Depois de passar uma semana maldizendo o Mercosul, o ministro Paulo Guedes avançou truculentamente nesta segunda-feira, na reunião do Conselho do Mercado Comum, em seu propósito de liquidar com o bloco: atropelando o Itamaraty, apoiou "totalmente" a proposta do Uruguai, que autoriza cada membro a fechar acordos comerciais com outros países ou blocos.
Sem ouvir o setor privado, insistiu num corte de 20% na Tarifa Externa Comum (TEC) e trocou chumbo pesado com o ministro argentino da Economia, Martín Gusmán.
Com a reunião virtual do Conselho (órgão deliberativo máximo do bloco) ainda em curso, a chancelaria uruguaia anunciou que sua proposta de flexibilização das regras para acordos bilaterais foi apresentada "com total apoio do Brasil".
Em verdade, com total apoio de Guedes, pois o Itamaraty acabou sendo atropelado na discussão.
Agora ela será examinada e apreciada na reunião presencial que os argentinos querem realizar em maio em Buenos Aires.
Uruguai e Brasil, arrastando o Paraguai, querem suprimir a exigência de consenso entre os quatro países para a assinatura de acordos separados, especialmente com Estados Unidos e China.
A Argentina é contra, e tem peso econômico suficiente para impedir a aprovação da proposta.
No seu entendimento, se cada país puder fazer os acordos que bem entender, a integração regional, razão de ser do globo, estará comprometida.
Este foi o pivô da ácida discussão que tiveram os presidentes Lacalle Pou e Alberto Fernandes na recente reunião que celebrou o aniversário de criação do Mercosul.
Em entrevista publicada ontem pelo jornal argentino Clarín, em que abordou temas diversos da política brasileira e continental, o ex-chanceler brasileiro no governo Lula, Celso Amorim, também declarou que a flexibilização pretendida representará o fim do bloco e de seu objetivo primordial, a integração regional.

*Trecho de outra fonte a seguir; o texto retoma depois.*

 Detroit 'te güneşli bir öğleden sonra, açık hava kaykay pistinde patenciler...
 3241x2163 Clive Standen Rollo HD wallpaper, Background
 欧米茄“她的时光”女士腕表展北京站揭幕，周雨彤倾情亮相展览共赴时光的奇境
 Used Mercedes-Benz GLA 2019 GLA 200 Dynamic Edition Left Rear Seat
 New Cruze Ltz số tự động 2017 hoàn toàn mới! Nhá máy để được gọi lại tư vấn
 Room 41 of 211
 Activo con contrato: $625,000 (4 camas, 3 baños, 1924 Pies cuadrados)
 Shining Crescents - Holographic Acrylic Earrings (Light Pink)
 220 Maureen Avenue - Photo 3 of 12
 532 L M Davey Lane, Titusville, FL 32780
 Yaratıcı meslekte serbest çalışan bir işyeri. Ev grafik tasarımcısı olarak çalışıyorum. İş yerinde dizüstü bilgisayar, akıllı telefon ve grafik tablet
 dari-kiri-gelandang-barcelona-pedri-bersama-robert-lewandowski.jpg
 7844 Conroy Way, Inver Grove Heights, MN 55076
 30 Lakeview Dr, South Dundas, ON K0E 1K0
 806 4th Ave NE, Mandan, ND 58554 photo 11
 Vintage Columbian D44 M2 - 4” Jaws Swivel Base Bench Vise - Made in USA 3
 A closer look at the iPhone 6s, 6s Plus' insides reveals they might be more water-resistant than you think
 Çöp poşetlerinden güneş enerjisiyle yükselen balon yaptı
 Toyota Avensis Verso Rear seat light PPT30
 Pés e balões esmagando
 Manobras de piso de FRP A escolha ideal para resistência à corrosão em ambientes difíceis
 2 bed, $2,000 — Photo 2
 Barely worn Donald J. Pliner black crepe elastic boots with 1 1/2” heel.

Declarou-se inteiramente identificado com a posição argentina.
O outro ponto de atrito na reunião foi a redução da TEC. O corte linear de 20% proposto por Guedes significará maior abertura para as importações, expondo as empresas do bloco a uma maior competição com produtos estrangeiros, especialmente bens industriais.
A Argentina defende uma redução de 10,5%, que incidiria sobre bens intermediários, não sobre produtos finais, protegendo as indústrias locais de uma competição mais predatória.
Entende-se que o Uruguai e Paraguai, que não tem indústrias de peso, defendam tal abertura, mas não o Brasil. Entretanto, o setor privado brasileiro não foi ouvido pelo governo antes do encaminhamento da proposta. Nem se ouviu qualquer manifestação da CNI ou de porta-vozes do setor.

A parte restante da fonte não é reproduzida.